Я сразу и навсегда оказалась в плену его обаяния. С таким человеком хочется быть откровенной до конца, хочется заслужить его одобрение. Литературные семинары обычно проходили раз в месяц и продолжались три-четыре часа подряд. Это были часы, наполненные напряженной, интенсивной интеллектуальной работой.
Каждое стихотворение анализировалось очень детально, словно на невидимых весах взвешивалось каждое слово, каждый образ, каждый поворот мысли. Невольно вспоминались слова Оскара Уайльда: «Материал, употребляемый музыкантом или живописцем, беден по сравнению со словом. У слова есть не только музыка, нежная как музыка альта или лютни, не только краски — живые и роскошные… не только пластичные формы… у них есть и мысль, и страсть, и одухотворенность. Все это есть у одних слов!»
Юрий Коваль обладал поистине широчайшими знаниями и необыкновенным спектром интересов, его одаренность проявлялась во всем, за что бы он ни брался: в прозе, поэзии, живописи, ваянии, музыке, в педагогике. Он казался мне близким по складу личности к художникам эпохи Возрождения. Юрий Иосифович иногда рассказывал нам о звездном небе, о своем любимом созвездии Орион, и мне невольно приходили на ум слова известного астронома В. К Цераского, ректора Московской обсерватории, «вообще поэты не знают неба…»
Как он был неправ! Юрий Коваль прекрасно знал небо и не только его.
В то время я работала над новым сборником стихов «Магия природы». Многие стихи этого сборника я читала на семинаре и после занятий, снова возвращалась к ним, переделывала, уточняла, сокращала — словом, как говорил Коваль, «точила».
Помню, когда обсуждалось мое стихотворение «Медуница», Юрий Иосифович сказал, что эти цветы не любят яркого солнечного света, предпочитая прохладную лесную тень, и поэтому строчка «на солнечном склоне цветет медуница» неверна. «И не спорь со мной, — так закончил он разбор стихотворения, — я ведь старый „юный натуралист“!»

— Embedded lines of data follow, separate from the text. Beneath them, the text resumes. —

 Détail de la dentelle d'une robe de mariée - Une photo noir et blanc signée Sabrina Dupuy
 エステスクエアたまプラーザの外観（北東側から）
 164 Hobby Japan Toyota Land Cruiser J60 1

Он знал травы, цветы, деревья так, словно окончил биофак МГУ. Сколько изумительных слов, названий болотных, лесных, луговых и речных трав и цветов встречала я на страницах его книг. Таволга и вех, козья ива, розог и молочай. Как много говорили они моему сердцу!
Когда обсуждалась проза участников семинара, я слушала очень внимательно, хотя прозы я тогда почти не писала.

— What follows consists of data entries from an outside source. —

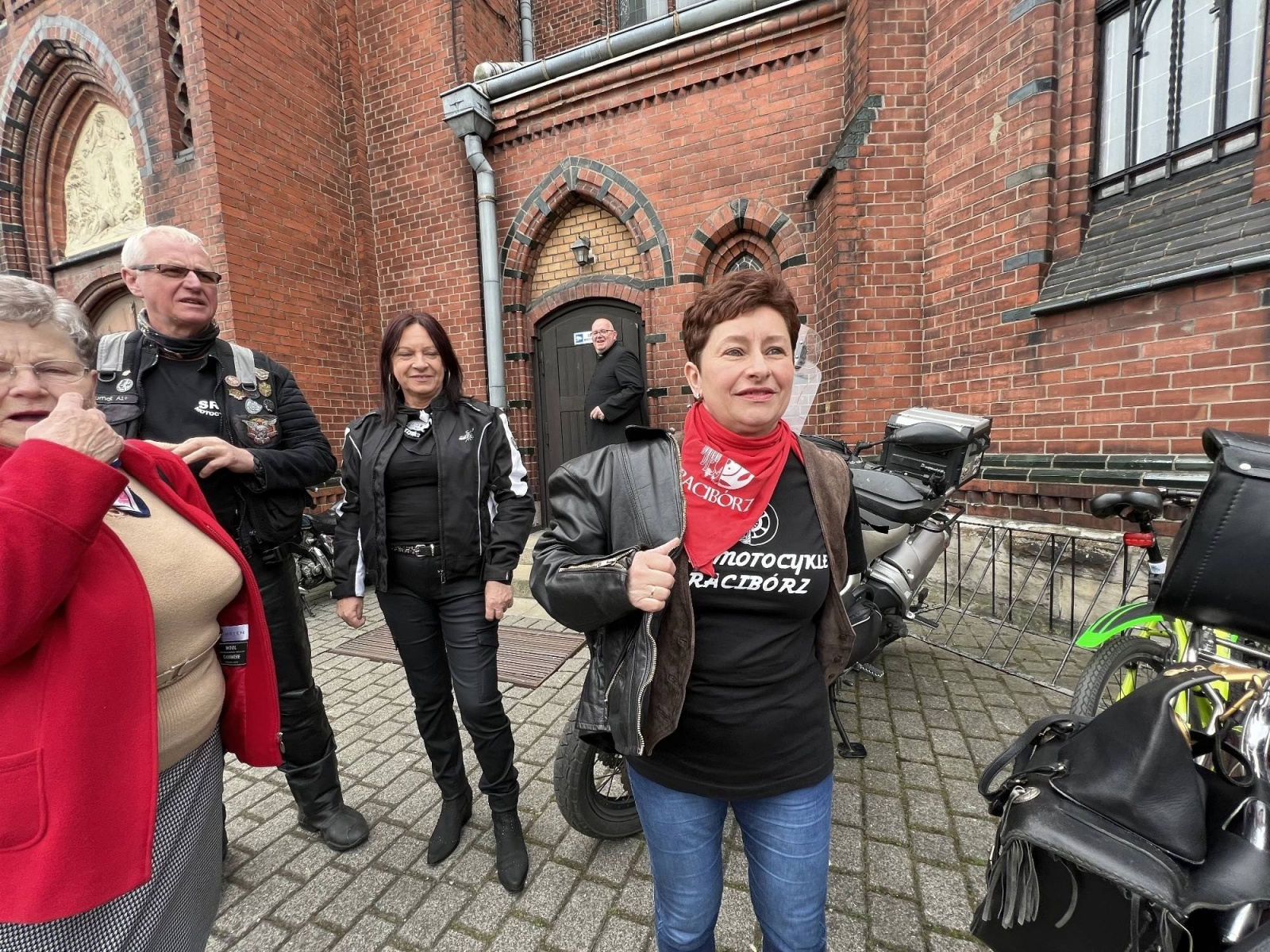 Zdjęcie w galerii na portalu naszraciborz.pl: Bolo i przyjaciele rozpoczęli sezon. Motocykle zjechały na Starą Wieś wiadomości z regionu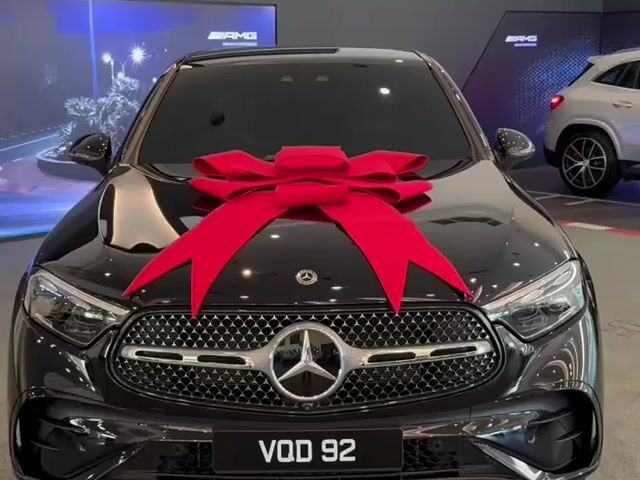 2025  MEGA SALE Mercedes Benz GLC350e AMGLINE COUPE - 1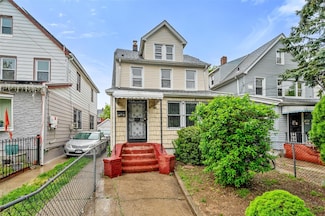 21511 111th Rd, Queens Village, NY 11429
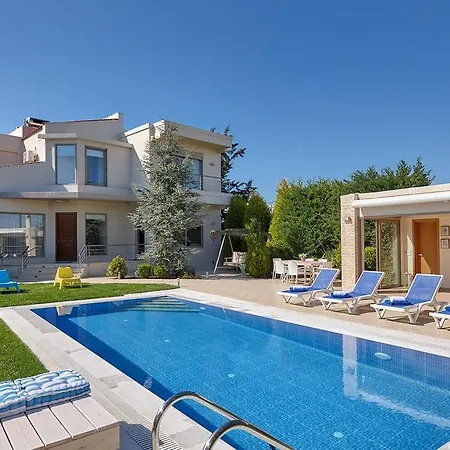 Evergreen Villa *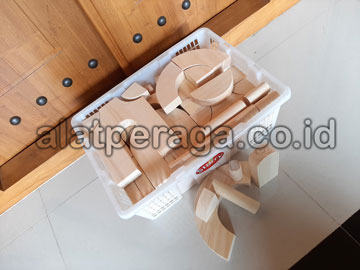 Distributor Balok PDK Natural Pinus di Pelalawan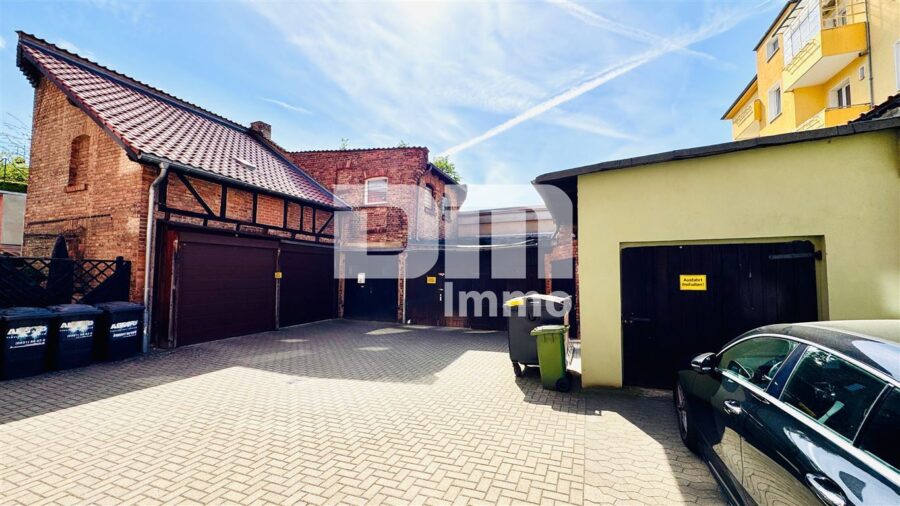 Gründerzeitliches Mehrfamilienhaus mit 8 bis 9 Wohneinheiten, Innenhof + Nebengebäude - Innenhof / Nebengebäude / Garagen / Ausbaureserve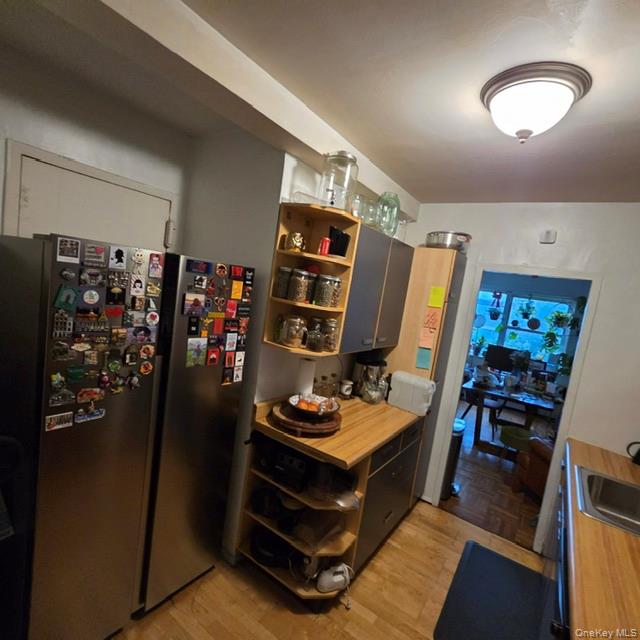6 Fordham Hill Oval, Unit 8H photo 2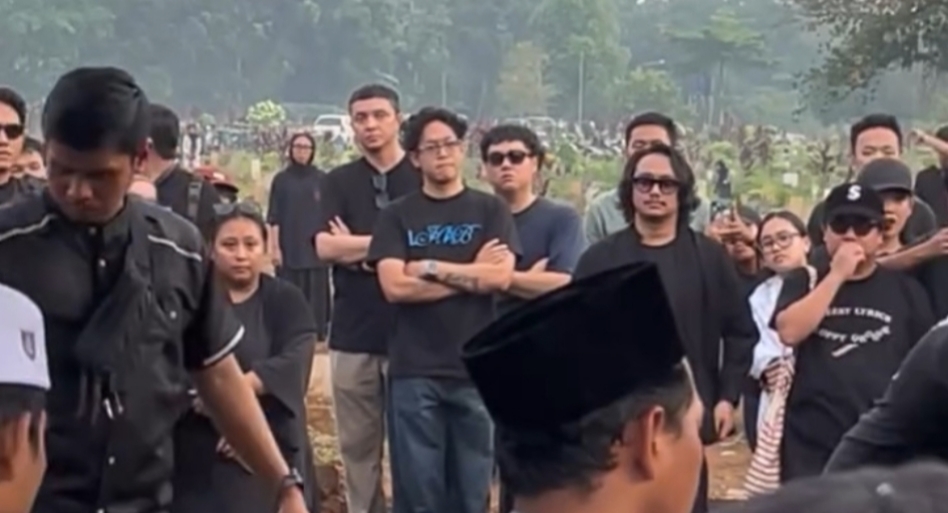 Suasana Haru Kepergian Gustiwiw Diiringi Isak Tangis Keluarga, Beberapa Musisi dan Artis Hadiri Pemakaman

Вспоминаются слова Мэтра: «Глубина и объем прозы зависит от глубины вздоха». Многие высказывания Юрия Иосифовича — лаконичные, яркие, афористичные — легко запоминались и откладывались в моей памяти. Но, как гласит народная мудрость, «Сказанное слово — ветер, а записанное — век». Поэтому я решила стать летописцем семинара. Сейчас, готовя этот очерки перечитывая свои записи, я наткнулась на такую: «Писать надо о вечном и вечными словами. Ю. Коваль».

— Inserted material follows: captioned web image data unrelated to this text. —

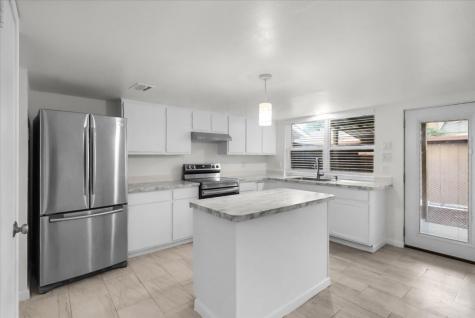 3118 Roundtree Lane Garland TX 75044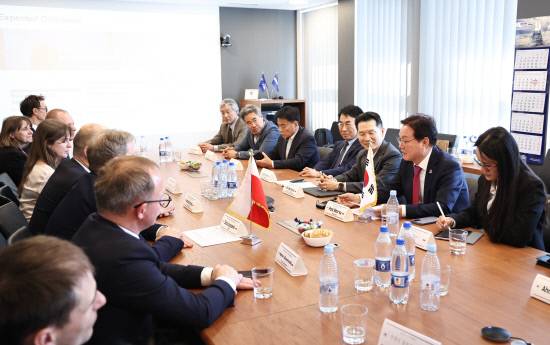 박완수 지사 등 일행이 폴란드 레몬토바조선소를 방문해 세일즈 외교를 펼치고 있다. 사진=경남도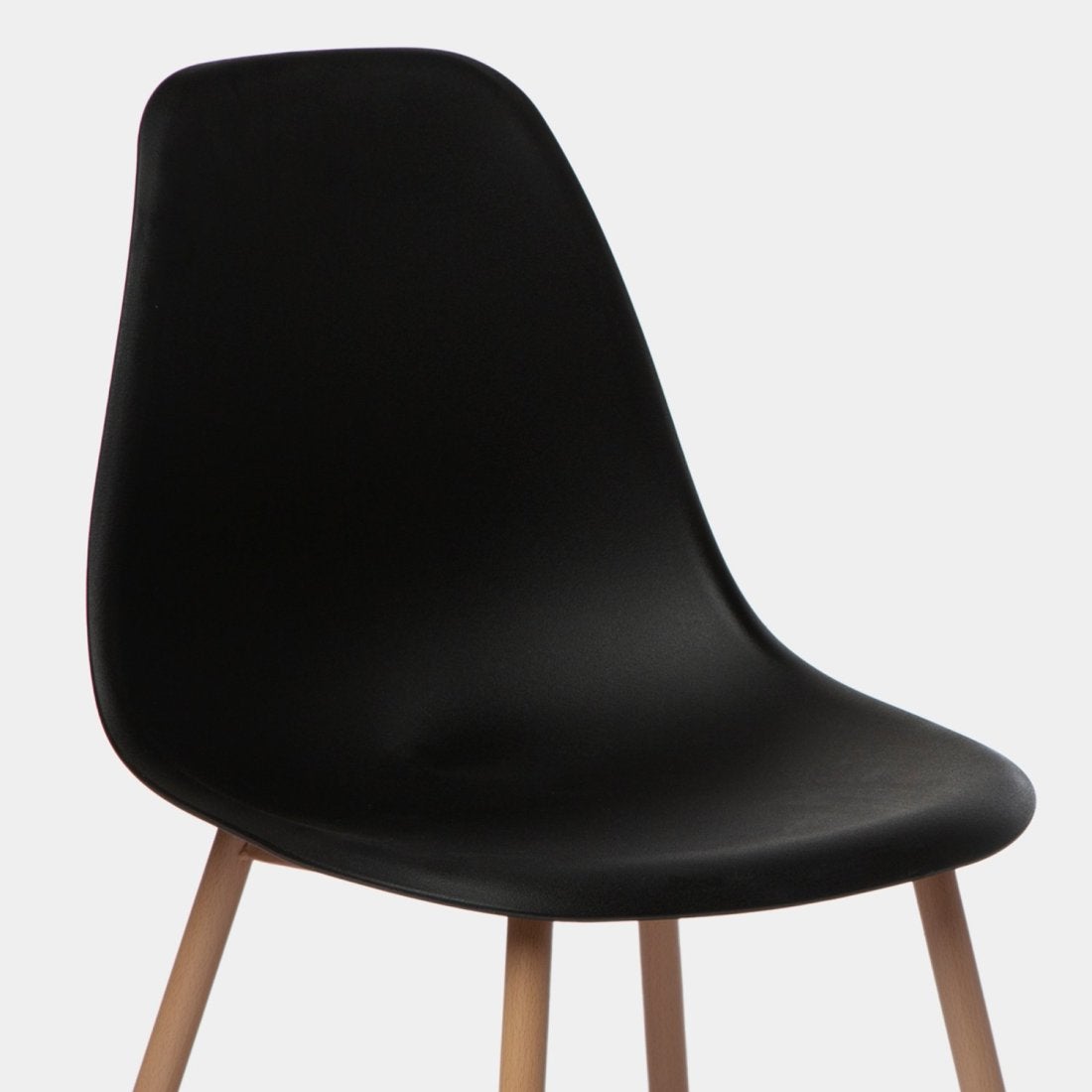 Sedia in polipropilene nera con gambe naturali Nina - 9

Я вспомнила, что Учитель не любил некоторые современные слова и словечки, считая, что, введенные в ткань стихотворения, они губят его. Однажды он заметил, что сочетание слов «целлофановый пакет» не поэтичное, а сугубо бытовое. Он говорил, что поэт может обойтись без таких слов, как магнитофон, антенна, инопланетяне. Юрий Иосифович обладал тончайшим языковым чутьем, его собственная живая литературная речь отличалась точностью, смелостью и лаконизмом.